There are numerous measures to reduce the energy consumption of trains. One of the simplest is the lightening of weight, as mentioned above, by using aluminium boxes or lighter electronic components. There are also techniques to improve the union between wheels and viscera. In addition, part of the dissipated energy with regenerative braking can return to the electric grid.
Another important problem is the noise of the trains, a source of noise pollution. According to Japanese researcher Tatsu or Maeda, author of research in the high-speed corridors of Shinkans, the structure of the train and poor exterior design are responsible for noise.
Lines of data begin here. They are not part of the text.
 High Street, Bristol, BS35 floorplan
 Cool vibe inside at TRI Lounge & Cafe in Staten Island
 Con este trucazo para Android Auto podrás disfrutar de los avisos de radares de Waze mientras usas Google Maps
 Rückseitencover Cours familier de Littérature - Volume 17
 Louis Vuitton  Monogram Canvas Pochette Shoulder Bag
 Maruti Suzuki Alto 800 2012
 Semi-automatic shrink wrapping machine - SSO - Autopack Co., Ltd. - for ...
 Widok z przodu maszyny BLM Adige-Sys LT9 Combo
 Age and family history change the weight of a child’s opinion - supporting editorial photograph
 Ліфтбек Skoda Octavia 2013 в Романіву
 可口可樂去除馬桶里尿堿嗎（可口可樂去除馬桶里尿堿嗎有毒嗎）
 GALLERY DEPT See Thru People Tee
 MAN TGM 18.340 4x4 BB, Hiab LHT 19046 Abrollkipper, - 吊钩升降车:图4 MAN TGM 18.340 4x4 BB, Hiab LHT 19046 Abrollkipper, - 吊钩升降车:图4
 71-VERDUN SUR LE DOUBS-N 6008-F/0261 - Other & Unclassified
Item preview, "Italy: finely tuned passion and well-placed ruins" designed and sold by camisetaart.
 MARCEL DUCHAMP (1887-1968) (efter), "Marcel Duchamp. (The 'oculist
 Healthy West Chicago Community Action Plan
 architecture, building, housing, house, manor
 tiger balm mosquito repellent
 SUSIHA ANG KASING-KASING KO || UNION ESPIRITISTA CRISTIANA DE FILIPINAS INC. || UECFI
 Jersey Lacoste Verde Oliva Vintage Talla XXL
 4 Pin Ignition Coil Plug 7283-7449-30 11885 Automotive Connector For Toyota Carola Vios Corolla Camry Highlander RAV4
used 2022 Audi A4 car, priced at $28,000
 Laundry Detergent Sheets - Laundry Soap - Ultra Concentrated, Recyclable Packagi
A team of the Railway Development Institute (RTRI), under the responsibility of Maeda, highlighted that pantographs and bogies are the most noisy elements of the train. To solve the problem you can build trains with fewer pantographs and fewer bogies like articulated trains. The measures applied in Japan have borne fruit: In 1982 the trains of 210 km/h generated a noise of 79,5 dB, while in 1997 the ones of 300 km/h produced only 76 dB. They seem to be on a good path.
Travelers who have stayed at this hotel
After this journey through the technologies that shape the future train, there is a conclusion. The society needs and will have more rail passengers, both at high speed as in trams or urban meters. Although the use of the train is in the hands of all governments and all people, it seems that this means of transport will recover its space between us. Writer Paul Theroux once said that "the train is not a vehicle. The train is one more part of a country, it is a place." Let the train take us to a better world.